** WHAT NEEDS TO BE DONE **
From the first line to the last, retype the records exactly without their images.

** DATA PROVIDED **
-------
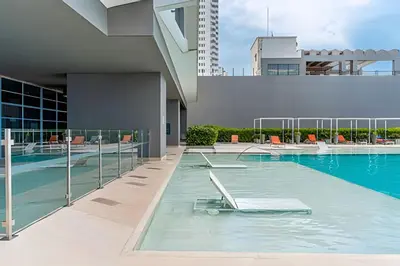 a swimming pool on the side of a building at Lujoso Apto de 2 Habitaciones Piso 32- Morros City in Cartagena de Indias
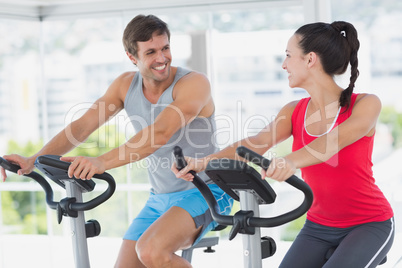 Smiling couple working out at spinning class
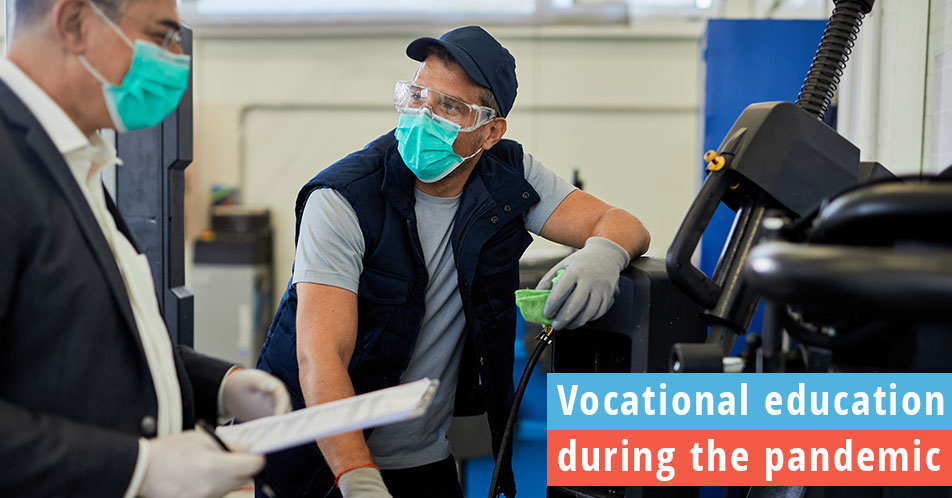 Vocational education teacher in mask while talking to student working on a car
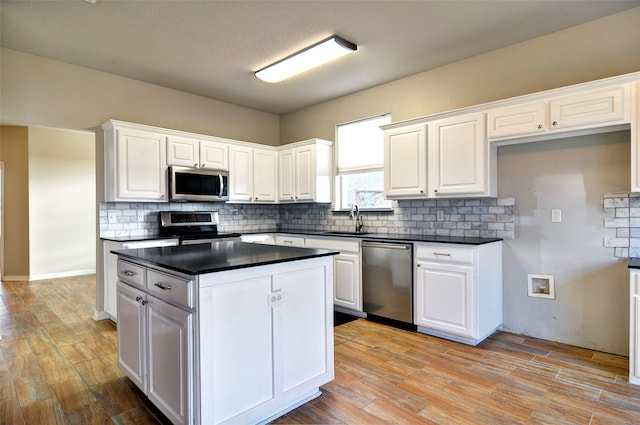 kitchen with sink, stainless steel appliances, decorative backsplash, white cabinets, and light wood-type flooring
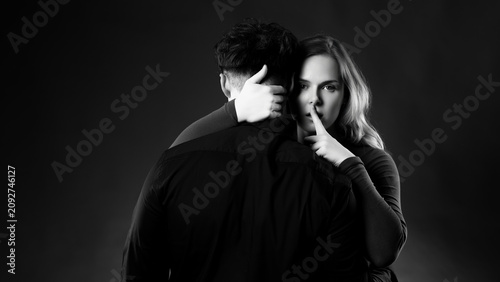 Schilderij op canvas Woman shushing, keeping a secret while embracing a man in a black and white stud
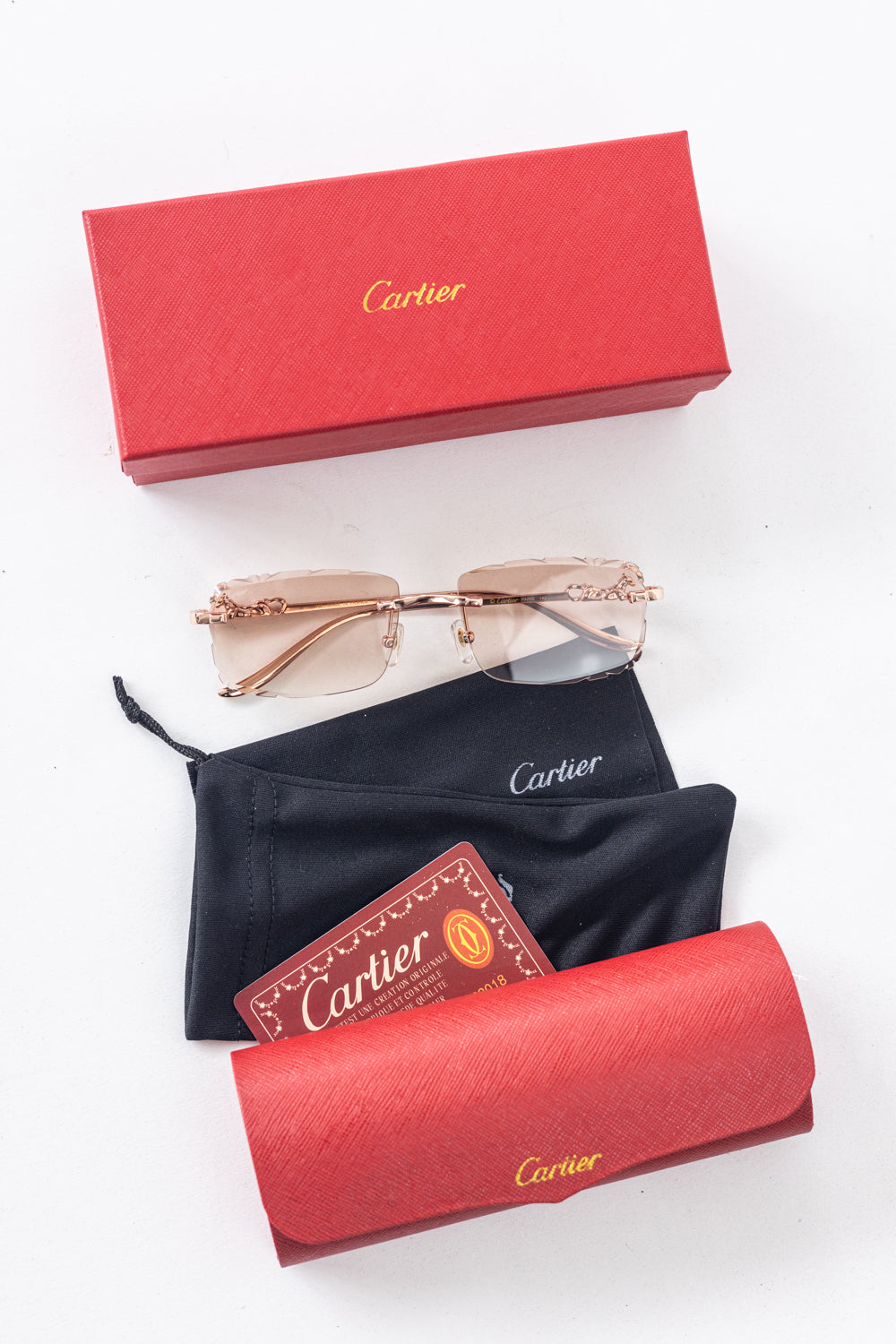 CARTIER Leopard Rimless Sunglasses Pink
-------
** SOLUTION **
 a swimming pool on the side of a building at Lujoso Apto de 2 Habitaciones Piso 32- Morros City in Cartagena de Indias
 Smiling couple working out at spinning class
 Vocational education teacher in mask while talking to student working on a car
 kitchen with sink, stainless steel appliances, decorative backsplash, white cabinets, and light wood-type flooring
 Schilderij op canvas Woman shushing, keeping a secret while embracing a man in a black and white stud
 CARTIER Leopard Rimless Sunglasses Pink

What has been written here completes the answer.